Start of RECORDED DATA
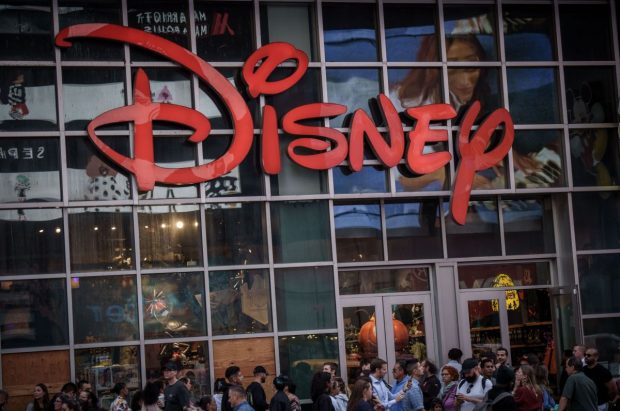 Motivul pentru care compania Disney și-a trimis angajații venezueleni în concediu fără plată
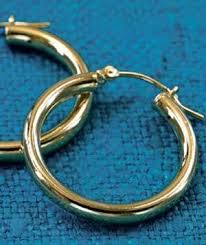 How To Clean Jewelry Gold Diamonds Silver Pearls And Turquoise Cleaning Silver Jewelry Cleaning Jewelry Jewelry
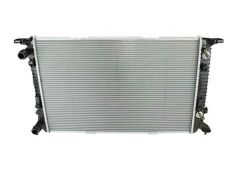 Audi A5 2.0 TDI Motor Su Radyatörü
End of RECORDED DATA
WHAT IS NEEDED: Could you copy the listing above exactly, without its pictures?

ANSWER SPACE:
 Motivul pentru care compania Disney și-a trimis angajații venezueleni în concediu fără plată
 How To Clean Jewelry Gold Diamonds Silver Pearls And Turquoise Cleaning Silver Jewelry Cleaning Jewelry Jewelry
 Audi A5 2.0 TDI Motor Su Radyatörü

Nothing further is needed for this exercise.